Adelaide Literary Magazine - 10 years, 79 issues, and over 3000 published poems, short stories, and essays

THE FINAL BATTLE

ALM No.79, August 2025

SHORT STORIES

Eason Bekki

8/8/20253 min read

Thanksgiving 2010. It was a nice, cool day. Just right for a hoodie to start. The trees were all the beautiful colors of fall in Missouri. Red, yellow, orange with some brown coming in. I put my casserole in the car with my weapons I had grabbed for the battle. I was looking forward to it more than usual. This year it was at Joe's house.

As I pulled up I was impressed with the size of the yard. This battle will be epic! I remember thinking. As I got out of the car I could smell dinners cooking all over the neighborhood. Too bad I had to fight for my meal. I looked up as Joe came out of the house. Obviously he was taking this particular year's battle more serious than I was. I wondered why.

“Hi Son,” I said

“Hi Mom are you ready? What did you bring?” he asked.

“ I brought my 10” dagger and my skull sword”

“ I’m using my dual long tooth daggers”

I told him I was going to take the casserole in and say hi to his wife and friends. When I went in his wife Amanda asked how sword fights on Thanksgiving started. I explained after DJ died nobody would swordfight Joe with real swords so I did. Thanksgiving was just we both always were tired of dealing with his dad so we would go battle. With that I headed out.

As soon as I picked up my dagger he charged me. The sun glinted off his weapon and I had to look away for a second. Just long enough to get cut on my forearm. I wiped it on my jeans and rubbed some spit on it.

“want a bandaid or something?” he asked.

“ I’m not the one wearing white Little Boy. Why ARE you wearing your Kung full uniform anyway?” I inquired.
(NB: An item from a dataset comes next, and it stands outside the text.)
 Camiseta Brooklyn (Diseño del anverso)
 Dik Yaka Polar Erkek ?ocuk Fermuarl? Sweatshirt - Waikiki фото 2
“ I just wanted, to! Is that OK?” he replied

Oh good. He thought had something to prove. We always had an interesting relationship. D.J. was his hero. Joe is a man's man. His dad never was real involved with the boys even though he lived with us. So I played all roles. Joe got resentful at times subcociously.

We fought back and forth for a while. He had been practicing I could tell. He was moving quicker.

“Come on, Mom, you’re slowing down. Do we need to stop? Are you getting tired? “

“ I’m doing just fine Son, just trying to kill you so I can eat”

“ Hey Mom check it out”

And with that he jumped off a Rubbermaid stepstool he had in the yard. It promptly broke, sending him flying. He dropped his weapons and took off running. I grabbed them and gave chase. We crashed through the house scaring Amanda and her friend Amy half to death. We then flew through the front door.

Unfortunately the next door neighbor had his sprinkler on full blast. We slipped and slid and landed in an unflatteringly position. Joe, in his white uniform, looked like he slid into second base. I didn’t fare much better. My Snoopy shirt had a new hole in it and I was very thankful I didn't have long hair. I did have the presence of mind to jump on top of Joe and stab him in the heart twice, thus killing him and winning the day. I was highly impressed. Instead of throwing a fit about it and yelling foul, he took it look like a man. It was a lesson I had learned with Joe. I always assumed bad losers were a product of bad parenting. They aren’t they are born that way sometimes and you can’t get it out of them. So this was a huge step forward.